#### Raw data:
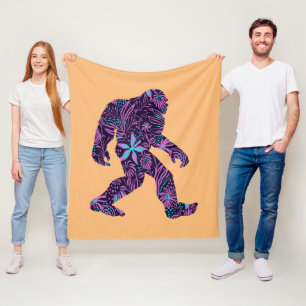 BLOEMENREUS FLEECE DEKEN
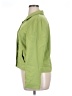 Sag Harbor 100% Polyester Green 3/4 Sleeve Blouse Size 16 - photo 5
---
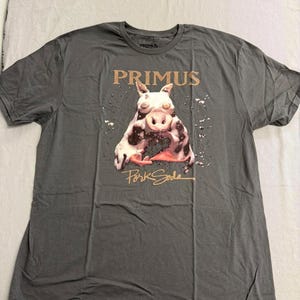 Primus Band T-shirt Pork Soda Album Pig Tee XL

#### What you are asked to do:
Your answer is the exact run of lines above from the one with "BLOEMENREUS FLEECE DEKEN" through the one with "Sag Harbor 100%", both ends included, minus any picture.

#### Task response:
 BLOEMENREUS FLEECE DEKEN
 Sag Harbor 100% Polyester Green 3/4 Sleeve Blouse Size 16 - photo 5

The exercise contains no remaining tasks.